Had to brush the snow away to find these tiny friends

My crocuses, the miniatures at least, have been creeping out of the earth in cheery tones of yellow and purple.  Today, I had to brush the snow aside to see the tiny darlings hovered over in the cold.

I’m not sure why this year particularly I’m so anxious for spring.  Perhaps it’s that so many people have had bad flu bugs (don’t they every winter?), or maybe it’s because the cold weather has been very cold this year.  A third, and probably more realistic cause for this anxiety is that I love getting outside, if only for lunchtime, and truly enjoy the sun.  It lifts my spirits and provides wonderful daydreaming opportunity.  I always feel more upbeat when the warmer weather hits.

Spring in Littleton begins just about this time every year and lasts through Mother’s Day, when the last frosts are expected, and we can go officially dig in the garden without worry that our veggies and other delicate plants will catch their death of cold.  I was going to meet a friend for coffee this morning.  He would have been talking about baseball, no doubt.  He’s a big fan.  Unfortunately, he caught a winter bug.  Looks like spring ballgames are on hold for him.

spring sunrise

Day promises to be bright–I’ll be at my desk looking out for it.

Back at my desk, I’m behind on that short story project of mine. Did I ever tell you that one of my nicknames is Last-Minute-Liesa?

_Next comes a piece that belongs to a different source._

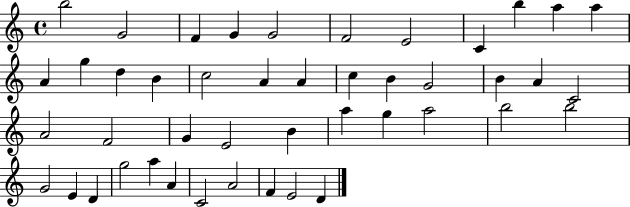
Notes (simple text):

B5/h G4/h F4/q G4/q G4/h F4/h E4/h C4/q B5/q A5/q A5/q A4/q G5/q D5/q B4/q C5/h A4/q A4/q C5/q B4/q G4/h B4/q A4/q C4/h A4/h F4/h G4/q E4/h B4/q A5/q G5/q A5/h B5/h B5/h G4/h E4/q D4/q G5/h A5/q A4/q C4/h A4/h F4/q E4/h D4/q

Even with the sun shining, and temperatures rising enough to melt the dusting of snow we had yesterday, I have to stay inside to do my work.  Something absolutely must happen to Joy today, and I’m the bad guy who has to make that so.  I have to make Joy’s reader understand why ghosts haunt her in particular.  Very dark stuff on such a glorious day as I see out my window.  But this is the life of a fiction writer.  And luckily for me, spring in Littleton provides enough cold and hot, light and dark, winter and summer-like feelings to give me plenty of opportunity to develop a good story.

How about you?  Does weather affect how you work and play? Do you feel more creative with sunny days or do “dark and stormy nights” provide your inspiration?